Überwältigende Konkurrenz

 

Die beste aller möglichen Candide-Aufnahmen zu finden ist schwer. Weil Leonard Bernsteins eklektisches Werk von 1956 – seine einzige echte „Operette“ – so oft umgeschrieben und überarbeitet wurde, dass es unendliche viele (interessante) Fassungen gibt. Und entsprechend viele Herangehensweisen ans Stück.

Auf der neuen Doppel-CD hält sich Dirigentin Marin Alsop mit dem London Symphony Orchestra an jene Konzertversion, die bereits das New York Philharmonic 2004 sehr erfolgreich präsentiert hatte. Davon gibt’s zwar keine CD oder DVD, aber viele atemberaubende Ausschnitte auf YouTube. Atemberaubend, weil die Besetzung Musical-Stars allererster Güte bietet. Allen voran Kristin Chenoweth als Cunegunde, die kurz nach ihrem Wicked-Triumpf zeigt, wie sehr diese Rolle von perfektem Comedy Timing profitiert und wie wichtig es ist, „Glitter and be Gay“ auch zu spielen, um maximalen Effekt aus dem Koloratur-Blockbuster herauszuholen.

Dann ist da auch noch die one-and-only Patti LuPone (Broadways erste Evita) als Old Lady, die sich mit Chenoweth ein Diven-Doppel liefert, bei dem die Fetzen fliegen, wenn‘s darum geht, wer „die erste Sängerin“ sei. Paul Groves trat damals als Candide an, Thomas Allen war in der Doppelrolle des Erzählers und des Dr. Pangloss dabei.

Und Alsop dirigierte. Sie fiel mir jedoch nie auf, weil die Solisten – allen voran Chenoweth/LuPone – alles überstrahlen. Nun also nochmals Alsop und Candide. Diesmal auf CD, statt gefilmt.

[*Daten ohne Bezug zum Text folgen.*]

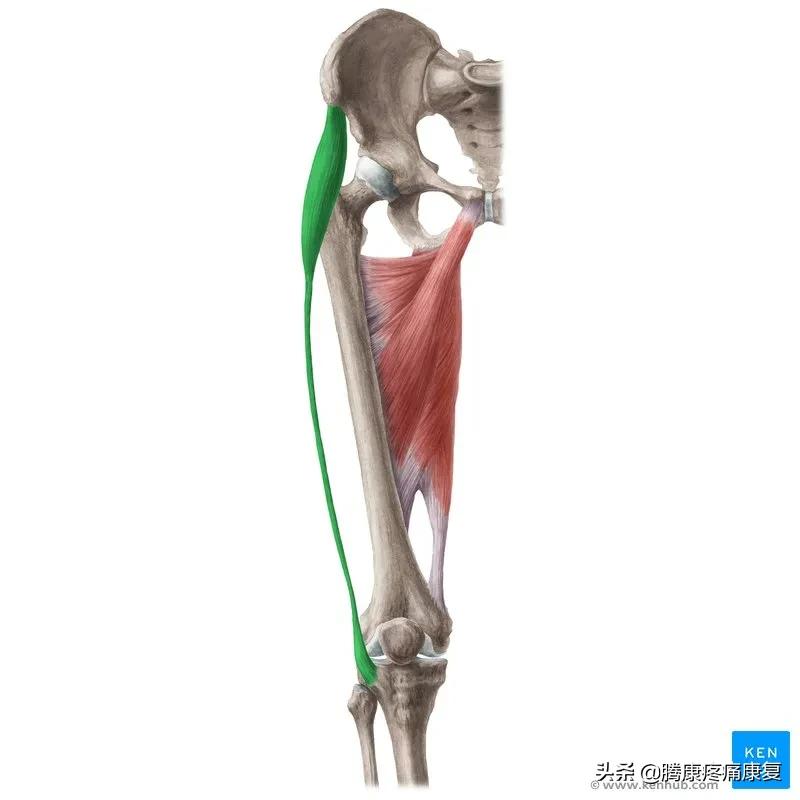 阔筋膜张肌上边的骨头疼痛,阔筋膜张肌疼痛牵扯到整条腿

Leider hat sich Alsop für die zwei Aufführungen im Londoner Barbican 2018 keine Musicaldarsteller aus dem West End geholt, sondern ein reines Opernteam zusammenstellen lassen. Zu dem gehört abermals Thomas Allen als Dr. Pangloss/Erzähler, ohne dass er großartig Neues mitzuteilen hätte. Und letztlich auch keinen Vergleich aushält mit Adolph Green, der 1989 den Erzähler auf der berühmten von Bernstein selbst dirigierten Aufnahme bei Deutsche Grammophon gibt. Überhaupt: Bei Bernstein/DG ist viel mehr Musik zu hören, und Hand aufs Herz: neben Bernstein am Pult wirkt Alsop nicht sonderlich fetzig. Was man bereits bei den ersten Takten der Ouvertüre merkt, wo der Drive und der Mut zur Operettengroteske fehlen. Da kann die Dirigentin sich im Booklet noch so sehr als enge Freundin des Komponisten darstellen – sie hätte besser von ihm lernen sollen. Ja, müssen.

Im Barbican traten Leonard Capalbo als Candide, Jane Archibald als Cunegonde, Marcus Farnsworth als Maximilian, Thomas Atkins als Gouverneur und Anne Sofie von Otter als Old Lady an. Sie alle singen gut. Aber es ist niemand von so überragender Persönlichkeit bei, weswegen ich mir unbedingt diese neue Candide-CD anschaffen würde. Wer „Glitter and be Gay“ nicht à la Chenoweth mag, sondern die Rolle lieber von einer Operndiva interpretiert hören will, ist bei June Anderson besser aufgehoben, die die Koloraturkaskaden mit jener Übertreibung und Selbstpersiflage singt, die Archibald vollkommen fehlt. Natürlich trifft Jane Archibald alle Töne, aber der Spaß bleibt (rein akustisch) auf der Strecke, als würde sie sich nicht trauen, over-the-top zu gehen. Und das betrifft nicht nur die Arie, sondern die gesamte Aufführung. Diese wirkt oft steril. Und anteilnahmslos abegeliefert.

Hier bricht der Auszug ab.